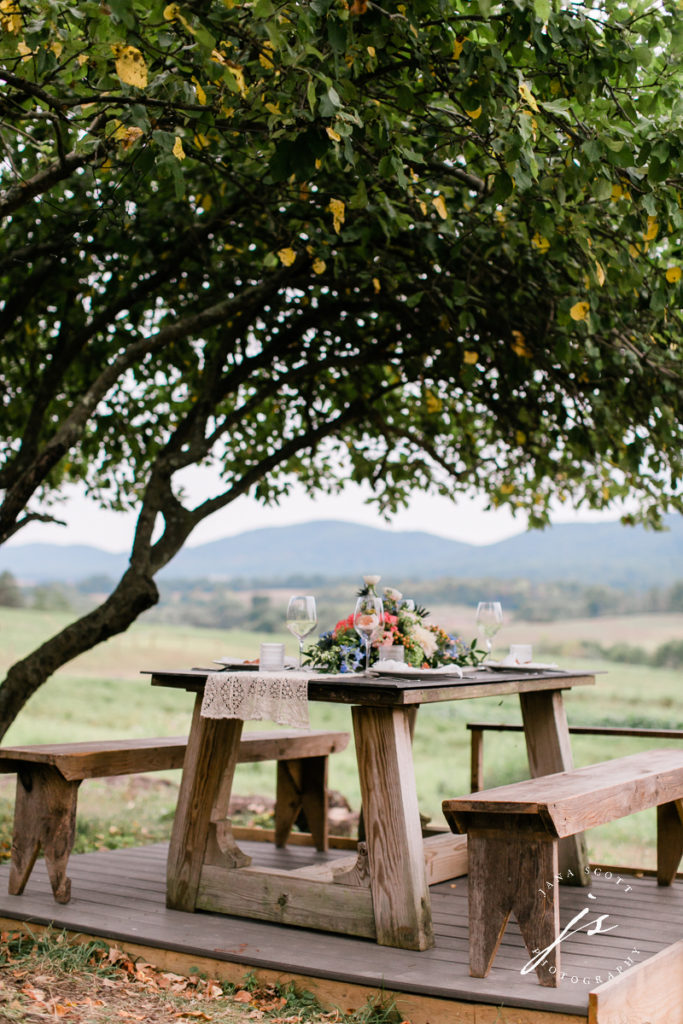 picnic table wedding reception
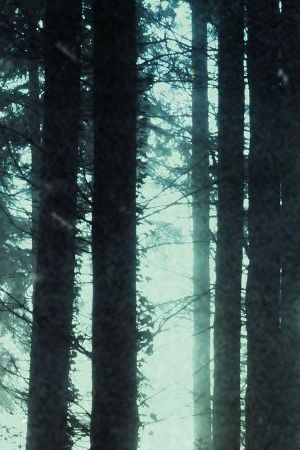 Horror, sci fi concept of aliens standing in a forest. Silhouetted by bright UFO lights at night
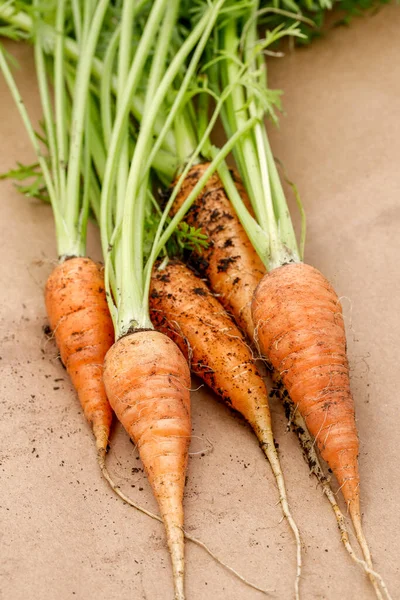 Close Photo Freshly Harvested Carrots Still Have Dirt Them North — Stock Photo, Image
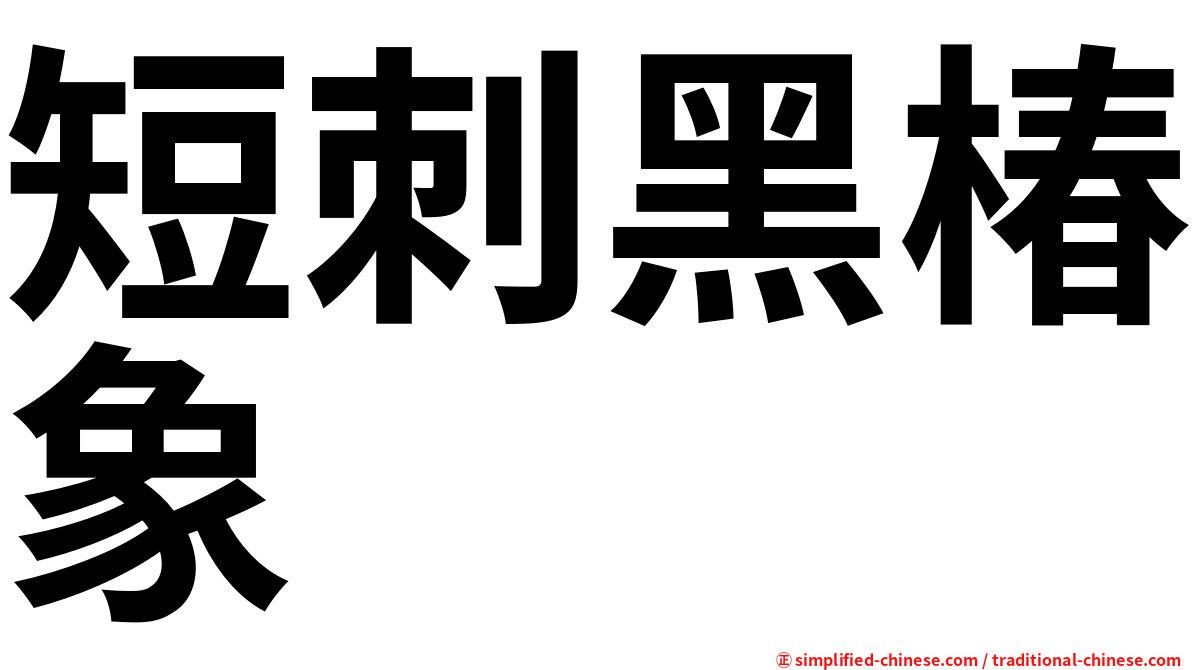 短刺黑椿象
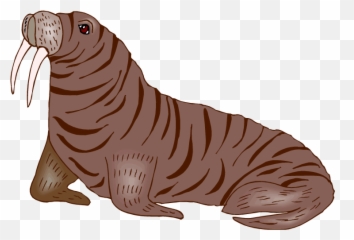 Walrus Clipart - 60 Cliparts Transparent Background Walrus Clipart Png,Animal Clipart Png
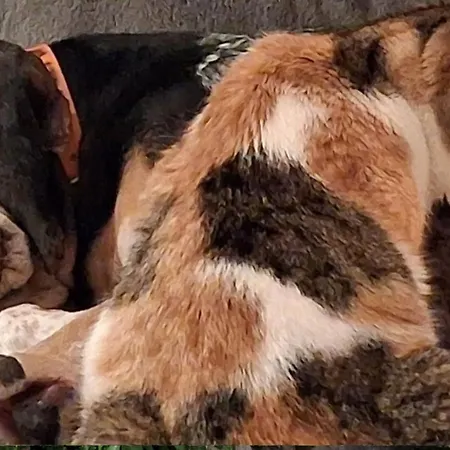 Mimosa Bed & Breakfast Favone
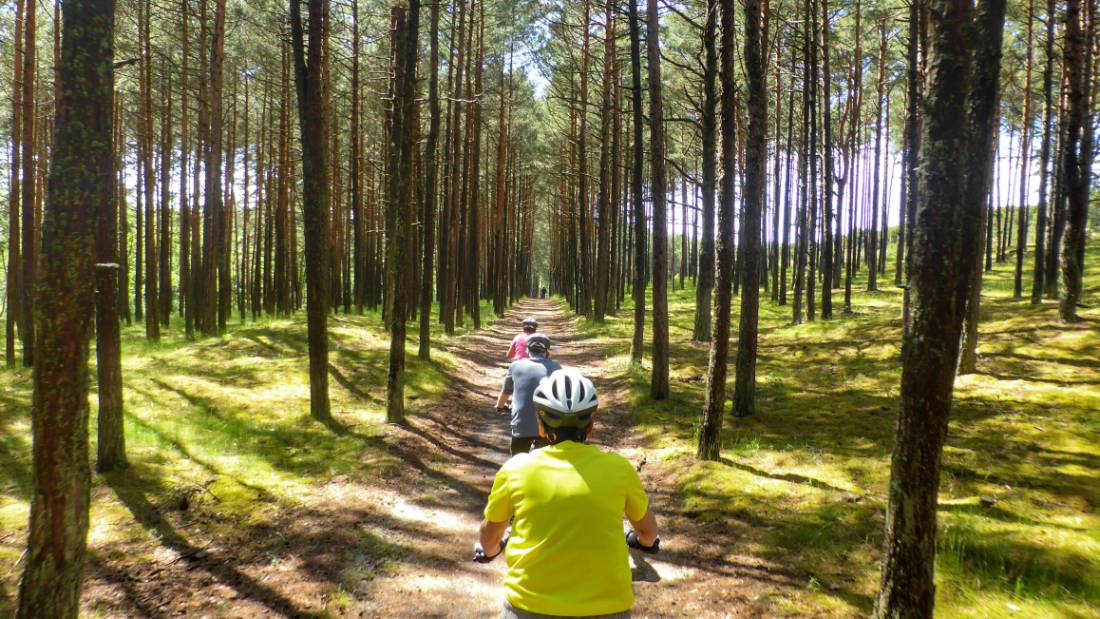 Cycling on the Curonian Spit |  <i>Gesine Cheung</i>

■ TASK DESCRIPTION
Write the records out in full, word for word; leave every picture behind.

■ EXERCISE ANSWER
 picnic table wedding reception
 Horror, sci fi concept of aliens standing in a forest. Silhouetted by bright UFO lights at night
 Close Photo Freshly Harvested Carrots Still Have Dirt Them North — Stock Photo, Image
 短刺黑椿象
 Walrus Clipart - 60 Cliparts Transparent Background Walrus Clipart Png,Animal Clipart Png
 Mimosa Bed & Breakfast Favone
 Cycling on the Curonian Spit |  <i>Gesine Cheung</i>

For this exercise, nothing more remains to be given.